If you are not a manager, you will be a ‘degrader’ not doing anything, being nonchalant is doing something to the environment; because you are promoting things that are degrading the environment by doing nothing,” she said.
Also, the Chief Executive Officer, GIS Consult, Ibadan, Mr David Afolayan said GIS Day 2022, has the theme ‘Biodiversity Conservation’ because plant and animal species were becoming extinct every year.
He said that the use of the Geographic Information System (GIS) has made it possible to map, monitor, model, and conserve biodiversity for present and future generations.
The GIS expert said one of the recurring themes at COP 27 was several promises but minimal results.
He lamented that the little progress made on reversing the effect of climate change has been wound back because of some realities that countries are facing due to the Russia-Ukraine war, which has disrupted the availability of fuel and the food supply chain, among other things.
The Russia and Ukraine war has changed the perception of people about the climate goal they set.
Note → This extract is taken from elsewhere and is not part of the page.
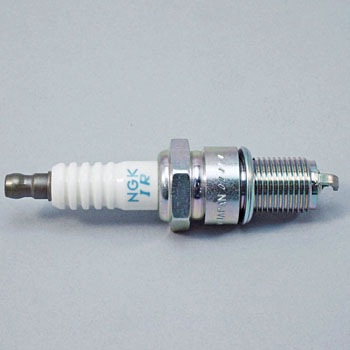 IGR6A NGK CWEvO NGK({ꓩ) 58120885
Presidents and leaders have come to a sad reality; should we keep a promise that we don’t even know whether we are achieving or face the reality that we have to stay alive today?
“European countries are at risk because they are facing winter and power is needed to warm up their homes and now there is fuel challenge, power, and gas distribution,” Afolayan said.
While inaugurating the Agro-Biodiversity Conservation (ABC) project, he said that through partnerships, the project would ensure that schools plant gardens, where endangered plants would be planted by students who would monitor the growth and challenged fertility of the soil, see the plants, and intervene to make them come back.
And in that process, the students would learn the hard truth that there is something that everyone can do and that they must monitor it to see it grow. They will plant the gardens, capture information about biodiversity and nurture a garden of endangered plants which would be a learning process which they can replicate in their home.
“The project is on the Geography Green School project, which is all about sustainable development, understanding how the earth operates and what needs to be done,” he said.
One of the participants, Ifeoluwa Ajayi-Obe, a student of the American Christian Academy said the event was an eye-opener and promised to conserve the natural world.